According to my solar power monitor it uses approx 60w of power. Oh and the best thing of all is that it only costs about £8.50 delivered. Just thought I would share my find just in case there is anyone else in need of a quiet vacuum.


----------



## scrimper (2 Nov 2016)

To be honest I am surprised that at 12 volts and 60watts it is powerful enough as a dust extractor? But if it works well for you then fair enough.

I am in a minority here but I rarely use an extractor with my scrollsaw, I use them with my other machines but never felt the need with the scrollsaw.


----------



## Tony G (2 Nov 2016)

Got my scroll saw setup in my 8ft x 8ft shed which has 250w solar panels and 250Ah battery bank in it so it's perfect for me to help reduce my scroll saw dust and sanding dust. I'm just small scale using a few electric hand saws and a dremel.

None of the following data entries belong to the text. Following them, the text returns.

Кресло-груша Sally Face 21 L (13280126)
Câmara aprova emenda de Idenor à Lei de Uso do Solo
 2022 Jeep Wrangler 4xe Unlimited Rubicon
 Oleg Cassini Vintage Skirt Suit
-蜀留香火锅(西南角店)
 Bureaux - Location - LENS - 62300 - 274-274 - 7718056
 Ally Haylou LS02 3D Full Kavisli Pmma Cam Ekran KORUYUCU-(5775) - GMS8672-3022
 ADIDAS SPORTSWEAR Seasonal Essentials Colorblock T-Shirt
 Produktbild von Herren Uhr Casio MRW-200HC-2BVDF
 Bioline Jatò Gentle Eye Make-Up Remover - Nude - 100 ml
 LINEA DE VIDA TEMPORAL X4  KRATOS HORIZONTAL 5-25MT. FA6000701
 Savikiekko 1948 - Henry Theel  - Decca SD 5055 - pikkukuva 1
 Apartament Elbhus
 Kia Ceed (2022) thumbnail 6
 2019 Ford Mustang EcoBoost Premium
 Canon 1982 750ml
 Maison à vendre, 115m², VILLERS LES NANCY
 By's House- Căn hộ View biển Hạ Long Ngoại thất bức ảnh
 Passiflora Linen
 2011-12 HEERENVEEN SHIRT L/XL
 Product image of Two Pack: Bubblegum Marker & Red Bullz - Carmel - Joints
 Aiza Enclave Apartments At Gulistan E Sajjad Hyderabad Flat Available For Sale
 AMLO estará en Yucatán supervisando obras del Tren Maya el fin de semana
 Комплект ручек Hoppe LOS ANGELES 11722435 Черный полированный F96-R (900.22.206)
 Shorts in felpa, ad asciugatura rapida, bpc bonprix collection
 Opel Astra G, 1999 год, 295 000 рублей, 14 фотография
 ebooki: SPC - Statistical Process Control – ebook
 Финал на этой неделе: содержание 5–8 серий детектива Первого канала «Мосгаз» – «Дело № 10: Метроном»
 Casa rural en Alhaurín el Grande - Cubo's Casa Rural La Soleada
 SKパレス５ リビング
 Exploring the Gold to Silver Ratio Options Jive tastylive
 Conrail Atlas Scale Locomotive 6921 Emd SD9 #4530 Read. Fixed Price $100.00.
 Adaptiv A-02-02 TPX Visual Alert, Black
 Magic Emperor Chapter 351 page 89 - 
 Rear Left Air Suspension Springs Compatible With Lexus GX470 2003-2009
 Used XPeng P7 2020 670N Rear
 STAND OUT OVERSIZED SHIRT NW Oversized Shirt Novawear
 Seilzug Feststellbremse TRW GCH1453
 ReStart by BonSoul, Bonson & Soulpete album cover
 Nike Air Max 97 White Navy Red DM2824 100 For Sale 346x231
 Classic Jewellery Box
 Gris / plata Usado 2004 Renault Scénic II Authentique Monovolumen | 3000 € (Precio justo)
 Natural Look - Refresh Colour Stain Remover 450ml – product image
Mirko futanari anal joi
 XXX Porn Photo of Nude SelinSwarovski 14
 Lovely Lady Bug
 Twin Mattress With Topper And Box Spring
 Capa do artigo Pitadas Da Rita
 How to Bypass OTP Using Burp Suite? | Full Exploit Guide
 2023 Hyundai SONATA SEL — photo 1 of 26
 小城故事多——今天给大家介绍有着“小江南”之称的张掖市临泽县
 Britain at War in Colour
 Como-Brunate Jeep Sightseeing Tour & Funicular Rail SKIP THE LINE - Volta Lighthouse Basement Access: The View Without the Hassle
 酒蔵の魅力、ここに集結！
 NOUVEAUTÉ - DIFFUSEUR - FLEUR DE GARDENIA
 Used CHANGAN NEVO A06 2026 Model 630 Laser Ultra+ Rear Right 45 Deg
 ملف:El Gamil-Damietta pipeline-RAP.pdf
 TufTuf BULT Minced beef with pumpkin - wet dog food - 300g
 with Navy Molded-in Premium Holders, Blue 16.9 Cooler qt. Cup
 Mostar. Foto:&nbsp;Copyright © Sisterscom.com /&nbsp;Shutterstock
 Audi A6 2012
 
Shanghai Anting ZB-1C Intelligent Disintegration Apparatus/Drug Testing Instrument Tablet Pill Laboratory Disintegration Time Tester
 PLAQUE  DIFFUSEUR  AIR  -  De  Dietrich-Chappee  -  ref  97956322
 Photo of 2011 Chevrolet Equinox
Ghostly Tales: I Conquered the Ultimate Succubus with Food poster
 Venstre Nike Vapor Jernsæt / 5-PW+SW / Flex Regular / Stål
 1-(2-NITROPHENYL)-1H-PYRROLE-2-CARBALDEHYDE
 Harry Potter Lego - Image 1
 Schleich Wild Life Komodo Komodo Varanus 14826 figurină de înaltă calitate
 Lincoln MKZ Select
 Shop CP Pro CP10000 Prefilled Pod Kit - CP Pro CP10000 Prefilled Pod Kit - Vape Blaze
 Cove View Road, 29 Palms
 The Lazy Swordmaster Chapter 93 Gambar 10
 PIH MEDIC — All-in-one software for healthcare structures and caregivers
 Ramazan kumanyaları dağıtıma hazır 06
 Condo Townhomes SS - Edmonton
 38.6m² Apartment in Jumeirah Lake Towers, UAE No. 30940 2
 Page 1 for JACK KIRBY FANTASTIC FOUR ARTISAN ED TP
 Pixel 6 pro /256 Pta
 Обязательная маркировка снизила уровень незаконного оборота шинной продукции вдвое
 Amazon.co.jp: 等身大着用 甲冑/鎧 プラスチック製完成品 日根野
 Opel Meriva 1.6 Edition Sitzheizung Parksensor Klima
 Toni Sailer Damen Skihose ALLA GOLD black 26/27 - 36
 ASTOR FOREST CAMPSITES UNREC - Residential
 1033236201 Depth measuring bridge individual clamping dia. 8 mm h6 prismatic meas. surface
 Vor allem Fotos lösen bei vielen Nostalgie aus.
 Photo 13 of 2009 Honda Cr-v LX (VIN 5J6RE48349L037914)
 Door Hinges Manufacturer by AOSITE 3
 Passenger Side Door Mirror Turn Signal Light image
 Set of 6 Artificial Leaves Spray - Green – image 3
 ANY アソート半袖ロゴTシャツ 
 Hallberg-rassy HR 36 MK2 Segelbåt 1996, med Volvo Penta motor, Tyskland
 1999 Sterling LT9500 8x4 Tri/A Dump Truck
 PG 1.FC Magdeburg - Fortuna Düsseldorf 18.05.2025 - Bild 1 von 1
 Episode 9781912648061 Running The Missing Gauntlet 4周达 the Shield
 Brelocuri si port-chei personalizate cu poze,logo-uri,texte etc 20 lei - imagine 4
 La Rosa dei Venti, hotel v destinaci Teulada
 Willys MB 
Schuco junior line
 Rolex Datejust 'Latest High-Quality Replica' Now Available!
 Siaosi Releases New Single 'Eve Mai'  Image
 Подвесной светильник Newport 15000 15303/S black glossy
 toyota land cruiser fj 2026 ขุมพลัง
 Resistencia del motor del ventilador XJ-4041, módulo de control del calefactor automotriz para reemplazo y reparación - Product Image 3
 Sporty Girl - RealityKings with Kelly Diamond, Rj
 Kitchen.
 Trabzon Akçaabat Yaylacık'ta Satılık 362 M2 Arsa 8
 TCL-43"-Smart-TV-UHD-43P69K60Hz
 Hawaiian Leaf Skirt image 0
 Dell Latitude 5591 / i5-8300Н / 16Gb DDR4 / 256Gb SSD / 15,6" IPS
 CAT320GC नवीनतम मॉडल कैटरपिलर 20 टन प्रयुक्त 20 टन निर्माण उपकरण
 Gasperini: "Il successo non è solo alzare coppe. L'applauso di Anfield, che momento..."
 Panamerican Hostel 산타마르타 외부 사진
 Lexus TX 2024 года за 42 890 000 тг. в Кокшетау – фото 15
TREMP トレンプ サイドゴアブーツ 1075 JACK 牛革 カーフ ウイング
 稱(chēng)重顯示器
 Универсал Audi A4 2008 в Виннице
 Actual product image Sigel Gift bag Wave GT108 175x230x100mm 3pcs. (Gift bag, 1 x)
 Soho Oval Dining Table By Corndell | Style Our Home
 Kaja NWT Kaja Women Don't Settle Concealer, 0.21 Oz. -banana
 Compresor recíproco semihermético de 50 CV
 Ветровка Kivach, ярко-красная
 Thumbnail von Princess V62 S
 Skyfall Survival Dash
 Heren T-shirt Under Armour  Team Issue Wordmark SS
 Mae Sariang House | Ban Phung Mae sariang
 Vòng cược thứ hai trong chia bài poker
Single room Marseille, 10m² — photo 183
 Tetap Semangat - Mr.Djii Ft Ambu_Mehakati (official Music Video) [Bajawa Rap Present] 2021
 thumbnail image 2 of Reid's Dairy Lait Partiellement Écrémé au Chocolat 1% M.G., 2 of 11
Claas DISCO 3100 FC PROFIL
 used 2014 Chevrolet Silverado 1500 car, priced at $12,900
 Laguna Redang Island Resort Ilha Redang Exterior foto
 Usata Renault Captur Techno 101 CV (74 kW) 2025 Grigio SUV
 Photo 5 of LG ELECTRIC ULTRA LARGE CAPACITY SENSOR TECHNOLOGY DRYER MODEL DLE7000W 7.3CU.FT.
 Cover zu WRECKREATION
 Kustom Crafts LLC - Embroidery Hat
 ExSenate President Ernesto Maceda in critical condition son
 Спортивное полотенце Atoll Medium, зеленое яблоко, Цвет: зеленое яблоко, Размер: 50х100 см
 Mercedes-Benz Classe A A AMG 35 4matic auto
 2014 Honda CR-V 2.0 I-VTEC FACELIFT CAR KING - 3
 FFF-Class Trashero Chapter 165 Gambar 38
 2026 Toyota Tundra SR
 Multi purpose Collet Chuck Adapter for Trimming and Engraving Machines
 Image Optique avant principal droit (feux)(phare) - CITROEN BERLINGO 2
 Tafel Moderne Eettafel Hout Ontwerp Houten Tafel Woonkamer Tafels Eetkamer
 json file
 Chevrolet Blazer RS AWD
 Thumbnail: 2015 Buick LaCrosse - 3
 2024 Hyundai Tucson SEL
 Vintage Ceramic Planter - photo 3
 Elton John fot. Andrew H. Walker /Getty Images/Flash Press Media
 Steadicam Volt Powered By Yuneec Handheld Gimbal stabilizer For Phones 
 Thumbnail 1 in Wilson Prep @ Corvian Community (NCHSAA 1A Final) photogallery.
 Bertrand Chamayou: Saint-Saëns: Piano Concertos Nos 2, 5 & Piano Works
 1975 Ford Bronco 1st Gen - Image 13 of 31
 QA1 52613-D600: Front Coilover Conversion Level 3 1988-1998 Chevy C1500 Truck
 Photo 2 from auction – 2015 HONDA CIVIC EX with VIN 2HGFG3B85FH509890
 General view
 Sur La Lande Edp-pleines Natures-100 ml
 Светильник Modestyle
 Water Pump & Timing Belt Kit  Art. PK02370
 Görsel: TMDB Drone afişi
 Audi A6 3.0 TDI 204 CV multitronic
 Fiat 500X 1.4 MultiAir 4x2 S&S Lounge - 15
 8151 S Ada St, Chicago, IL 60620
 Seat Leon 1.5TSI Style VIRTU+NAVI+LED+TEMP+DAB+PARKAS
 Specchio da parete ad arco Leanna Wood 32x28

The vacuum is powerful enough to suck up all of the sawdust as well as rubble the size of guinea pig food no problem so for a hobby vacuum I think it's perfect. There are 90w and 120w versions as well I do believe. My HOOVER vacumm is very loud and too painful on the ear drums in a confined space like my shed so the 60w vacuum with it's very low dB is perfect while I scroll saw.


----------



## Buffalo Chas (2 Nov 2016)

Hi Tony.

Your little vac appears to be one that I could probably use in my own shed. You didn't mention in your post where you purchased it. Could you post the suppliers name please.

Charley


----------



## Tony G (2 Nov 2016)

Hi,

I purchased it via eBay. Just search for a 12v vacuum cleaner + buy it now + lowest price first + UK only

I think the cheapest is about £8.50 which will be the yellow 60w version but I think there are some others similar which are stated as 90w and there is a grey coloured one which states it's 120w but that's a little more expensive at £9.94 ! Here's a link to the 120w version... http://www.ebay.co.uk/itm/290749099119?_trksid=p2055119.m1438.l2649&ssPageName=STRK:MEBIDX:IT


----------



## Claymore (2 Nov 2016)

If you make/buy yourself a mini cyclone fitted onto something like a plastic barrel it will bypass the actual vacuum cleaner and won't reduce the suction plus you won't need to keep emptying your vacuum as all the dust/chips etc will go straight into the plastic barrel. This will do the job http://www.ebay.co.uk/itm/Plastic-Dust- ... SwmmxW2R94

I have 2 cyclones set up and no dust goes into my shop vac and i only empty my plastic drums around 4 times as year!

Cheers
Brian


----------



## novocaine (3 Nov 2016)

for scrolling I think you'd be better off with a smaller cyclone, like a thimble and a coffee cup.


----------



## Tony G (3 Nov 2016)

Adding a cyclone is a little OTT I think. The 12v vacuum is basically just a small bucket with a suction motor on top, no filters to change/clean or bag changing, just undo 3 clips and empty. It also sucks up water and has an attachment that plugs into the top which then turns it into an inflation pump used for blowing up dingy's, camping beds, beach balls etc.


----------



## scrimper (3 Nov 2016)

Tony G":1k7m33vz said:


> Adding a cyclone is a little OTT I think. The 12v vacuum is basically just a small bucket with a suction motor on top, no filters to change/clean or bag changing, just undo 3 clips and empty. It also sucks up water and has an attachment that plugs into the top which then turns it into an inflation pump used for blowing up dingy's, camping beds, beach balls etc.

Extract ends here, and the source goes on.